Listed records below:
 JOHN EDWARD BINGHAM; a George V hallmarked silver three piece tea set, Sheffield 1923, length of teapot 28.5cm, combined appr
End of Listed records.
Listed records below:
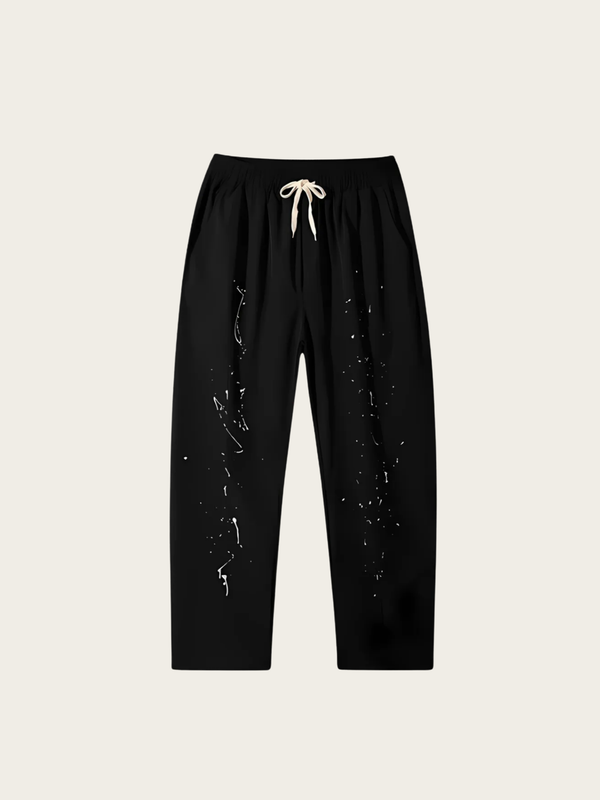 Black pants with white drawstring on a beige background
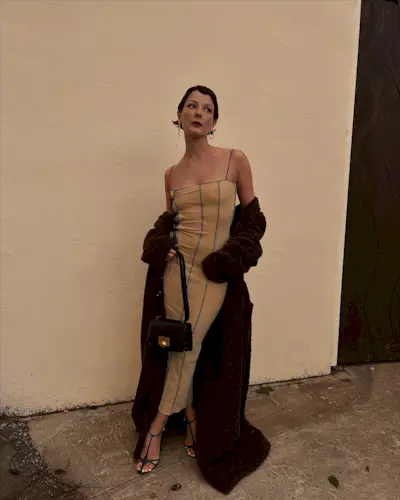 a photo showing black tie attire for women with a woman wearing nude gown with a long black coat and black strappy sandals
End of Listed records.
Listed records below:
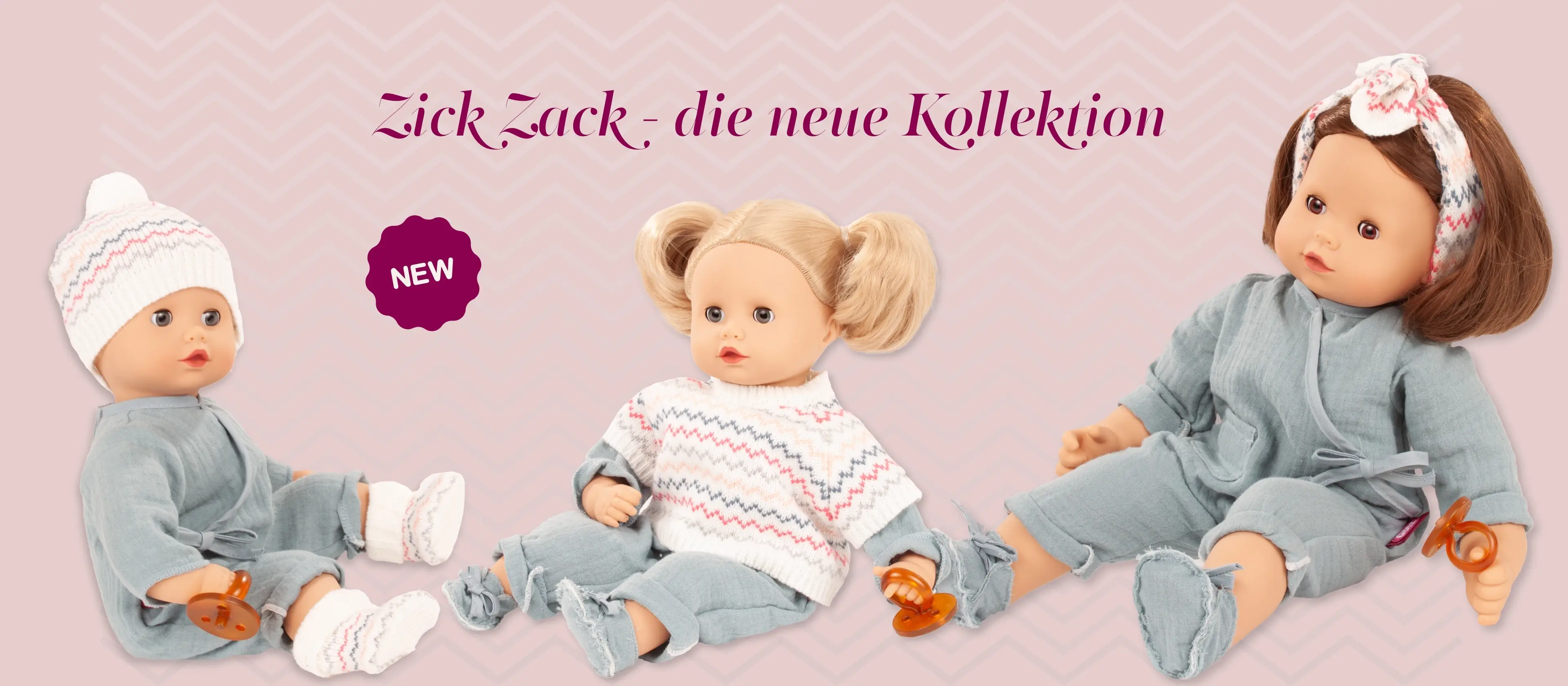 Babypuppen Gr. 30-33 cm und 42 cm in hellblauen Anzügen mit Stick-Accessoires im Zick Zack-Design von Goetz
End of Listed records.
To do:
Set down again, word for word, every line from the one with "Black pants with" to the one with "a photo showing" in the entries above, and omit the pictures.

Your solution:
 Black pants with white drawstring on a beige background
 a photo showing black tie attire for women with a woman wearing nude gown with a long black coat and black strappy sandals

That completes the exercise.